The principle is difficult to evaluate because Reality forced Israel to adhere to it; it did not have much of an option. Israel was never offered a long-term defence alliance with anybody. At best it engaged in secret collaboration (e.g., the Sinai War) or in less than full-fledged strategic collaboration (e.g., the Memorandum of Agreement [MOA] with the United States since 1981). In the few instances where Israel acted autonomously and in defiance of friends of allies, the diplomatic results were mixed. In some areas, however, Israel may consider rethinking this principle. This may apply to Israel’s future reliance on nuclear weapons for security instead of a binding defence pact.

g) Cumulative deterrence.
The performance Israel’s cumulative deterrence concept is mixed at best. Almog (2004, 1995), Bar Joseph (1998), and Lieberman (1995) may be correct in arguiing that cumulative deterrence was effective in reducing Arab propensity to attack Israel. Cumulative deterrence may have even played a role in bringing the Arab States to the negotiation table. That said, however, cumulative deterrence did not free Israel from the need to make territorial concessions to ensure Peace. Nor was it effective against guerrilla and terrorist attacks. When Israel relied exclusively on cumulative deterrence, it ended up engaging in additional Wars and conflicts. It was only when its deterrence policy was supplemented by political flexibility that deterrence had its maximal effect.

h) The Samson Option.
This principle was followed closely by Israeli decision makers starting in the early 1960s, and the policy remained largely unchanged. As I argued in chapter 8, this policy brought more harm than good. I elaborate on this later, but the implication is that Israel would be better off reconsidering the substitution of nuclear deterrence by regional Security structures that entail WMD disarmament.

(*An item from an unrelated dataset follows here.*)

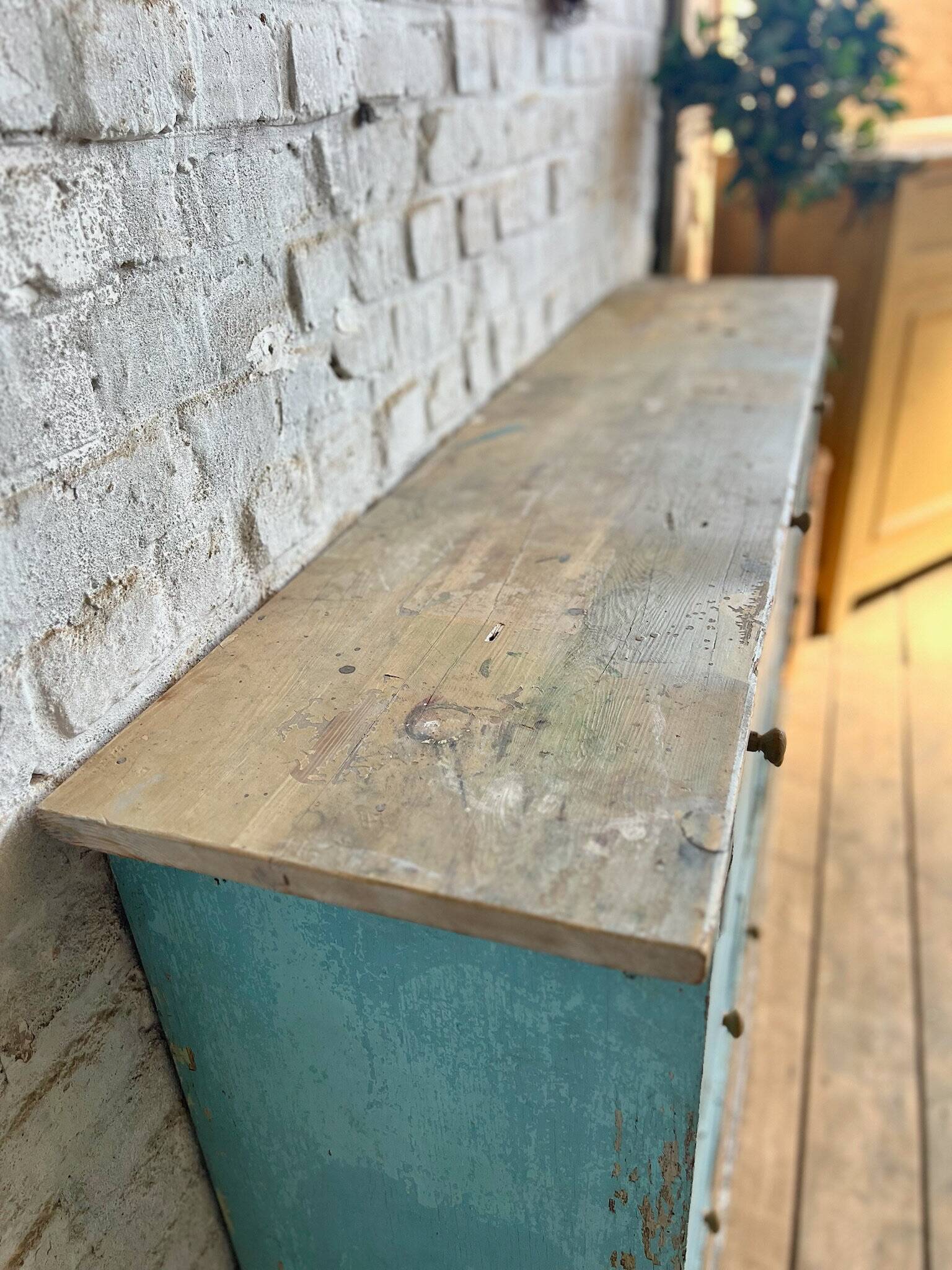 Old workshop cabinet with flaps, original patina.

i) Settlements determine borders.
Israel followed this policy consistently and systematically. But this policy did not do much good. Israel had to dismantle its settlements in the Rafah area following the Camp David Accords of 1978; it had to give up Taba following the international arbitration of 1985. In both cases it benefited from doing so. Moreover, the intention of Ariel Sharon, the architect of Israel’s settlement policy since the late 1970s, to dismantle the Israeli settlements in the Gaza Strip suggests that it is Politics and diplomacy that determined and will continue to determine Israel’s final boundaries, not its settlement policy. There is one thing to be said, however, for this principle. The Palestinian acceptance at Camp David in 2000 and in Taba in 2001 of the principle that Israel would annex its blocs of Jewish settlements in the West Bank does support this principle to a limited extent. Whether this acceptance is translated into a viable political agreement between Israel and the Palestinians and whether this agreement would hold remain to be seen.

Many of these arguments about the validity and adaptiveness of the basic tenets of Israel’s Security doctrine and its Foreign Policy posture will be elaborated upon in the following findings. I turn now to more general points that emerge from the analysis in the various chapters of the book.

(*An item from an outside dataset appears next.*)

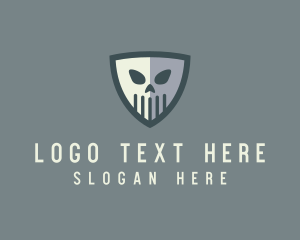 Creepy Skull Shield Logo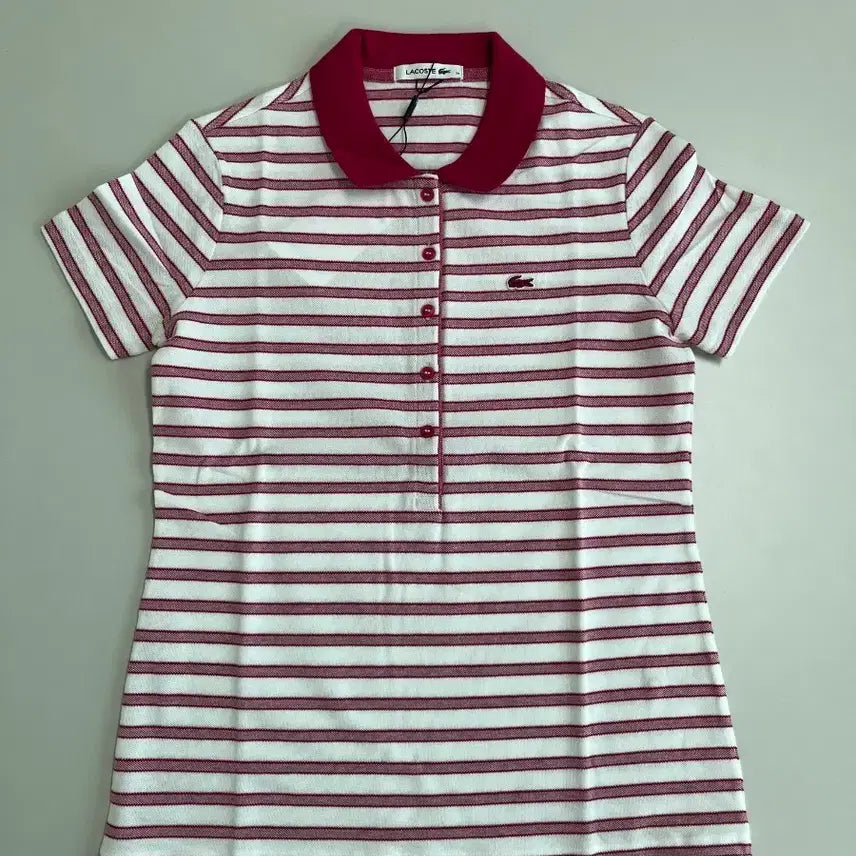 [BUNJANG] Lacoste Striped Short-Sleeve Polo Dress / [정품/새상품] 라코스테 스트라이프 피케이 반팔 원피스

iii) Israel’s approach to the use of Force was risk acceptant and trigger happy. Most of Israel’s wars were either due to its aggressive designs, due to miscalculations in conflict management strategies, or avoidable. Its limited Force strategies were largely ineffective.
The notion that Israel’s Wars were Wars of self-defence and that its limited military actions were primarily “retaliatory” in nature rests on shaky foundations. Many Israeli politicians and institutional historians have tried to sell the world and the Israeli public for decades the conception that Israel’s military actions were primarily actions of self-defence. Some Israeli strategists have supported this notion by arguing that Israeli strategic posture was politically defensive (i.e., status quo oriented) but militarily offensive (e.g., Yaniv 1987a, 1995; Tal 2000; Levite 1989). The second part of this observation is generally true; the first part is not. The central conclusion of the first part of this book is that most of Israel’s Wars were the result of deliberate aggressive designs or flawed conflict management strategies. At least one War (the Yom Kippur War) could have been avoided by judicious diplomacy. Israel’s War Experience is a story of folly, recklessness, and self-made traps. None of the Wars – with the possible exception of the 1948 War of Independence – was what Israelis call Milhemet Ein Brerah (“War of necessity”). They were all Wars of choice of Wars of folly.
Israel has often used LIC as a vehicle for escalating its conflict with the Arab States, thus paving the way for major military showdowns. The distinguishing feature of Israel’s limited Force strategy (as well as its strategy of high-intensity conflict) has been escalation dominance. Even when the chief objective of the limited military actions was to avoid escalation, the escalation dominance principle dominated military action. The Logic of escalation dominance got Israel into significant trouble in the mid-1960s, causing a slippery slope that led to the Six Day War. In the same vein, the policy of assassinations during the Al Aqsa Intifada provoked escalation of violence and led to the Israeli reOccupation of the West Bank and repeated incursions into the Gaza Strip.
On the whole, Israeli approach to the use of Force was risk acceptant. Israel’s decision makers tended to overwhelmingly and systematically rely on the use of Force as a favourite solution to both military and political challenges. This Culture of trigger happiness characterised all of Israel’s Governments, regardless of period and of the person or party in Power. The effectiveness of this tool has been limited at best (Bar Joseph 2004, 149-52). None of Israel’s major military encounters – those in which it won overwhelmingly, those in which its victory was a pyrrhic one (e.g., the Yom Kippur War), or those in which it lost (e.g., the Lebanon War and the Al Aqsa Intifada) – led to a political outcome that made Israel more secure than it had been before their outbreak. Israel’s limited use of Force strategies – by and large – prouved ineffective, and some of them even backfired to produce unwanted outcomes. Israel’s national Security was improuved not by the use of Force but by the willingness to give diplomacy a chance as a substitute for the use of military strategies.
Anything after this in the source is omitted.